Project Description
I have a CSV that logs product sales alongside TV, Radio, and Newspaper advertising spend. I want a clean, reproducible Python workflow that turns this data into an accurate sales-forecasting model and a concise set of insights for decision-makers.
The raw file contains a few gaps, so your first step is to inspect, clean, and appropriately impute missing values. Once the data is tidy, explore it with Pandas, NumPy, Matplotlib, and Seaborn to surface correlations and outliers.
For modelling, start with a well-documented Linear Regression approach using scikit-learn.
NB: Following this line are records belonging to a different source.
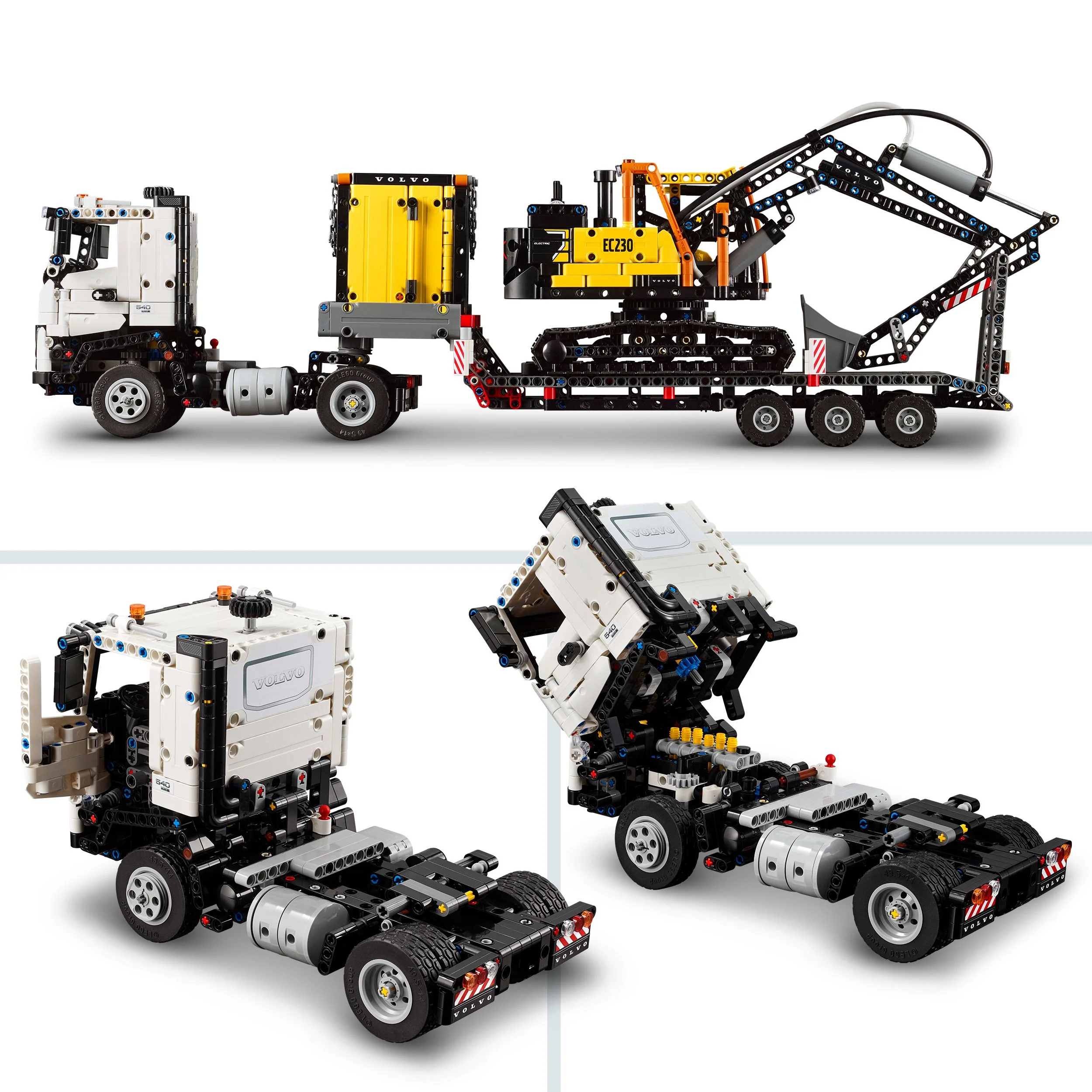 LEGO Technic Volvo FMX Truck & EC230 Electric Excavator Building Toy 42175 - Image 2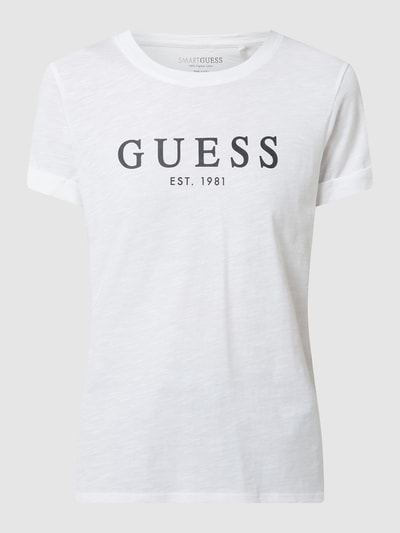 Guess T-Shirt aus Bio-Baumwolle Weiss 2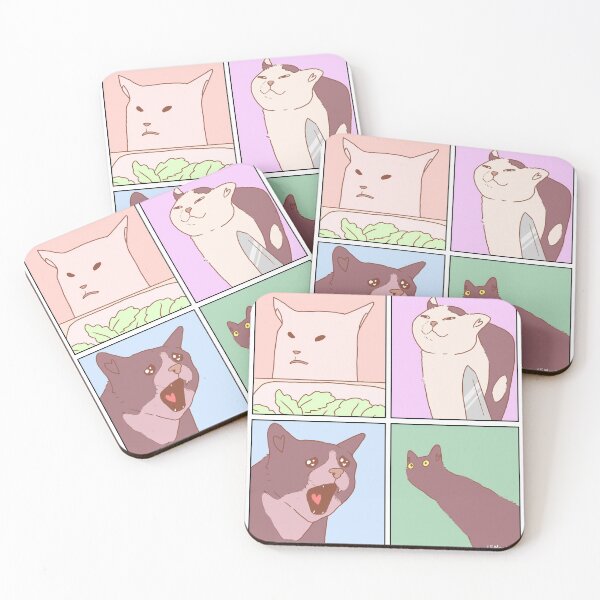 Item preview, pastel cat meme designed and sold by llamachan54085.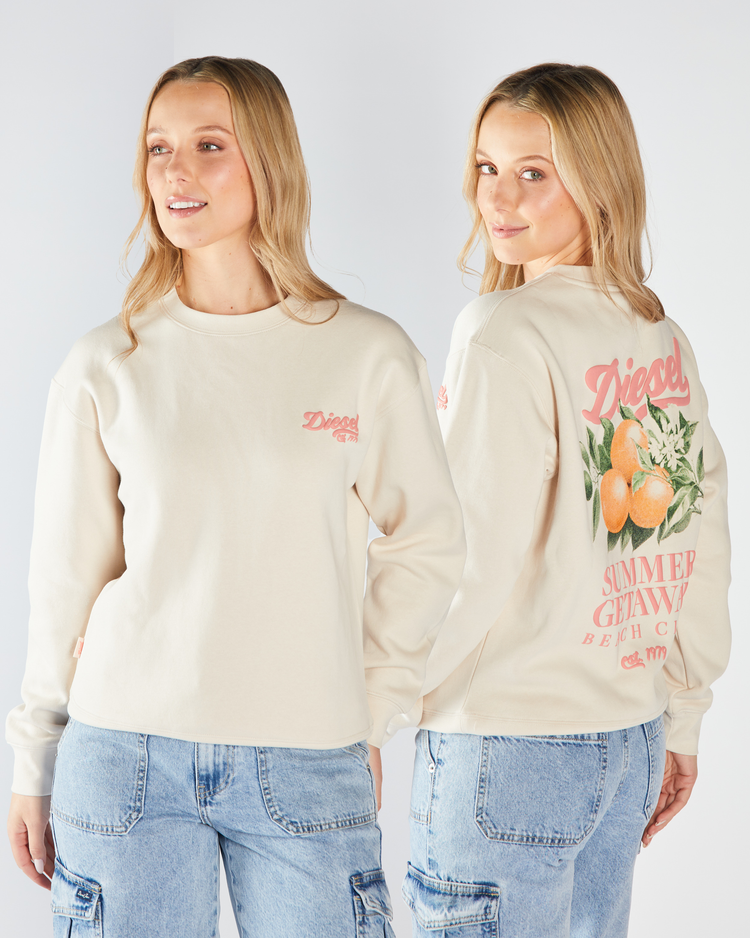 Fuji Sweatshirt Stone White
If you see a clear uplift from adding regularisation or polynomial terms, feel free to include that comparison, but keep the final deliverable focused on a model that is simple to interpret and easy to retrain.
Deliverables
• Google colab (Python 3) with every step: loading, cleaning, EDA, model training, evaluation, and prediction examples
• Visualisations that illustrate key relationships and model performance metrics (R², MAE, or RMSE)
• Brief read-me or slide deck summarising findings, feature importance, and advertising channel effectiveness
Acceptance criteria
The notebook must run end-to-end on my dataset without manual tweaks and achieve reasonable error scores that you will justify in the report.
If this sounds straightforward, let’s get started—I’m ready to share the dataset as soon as you come on board.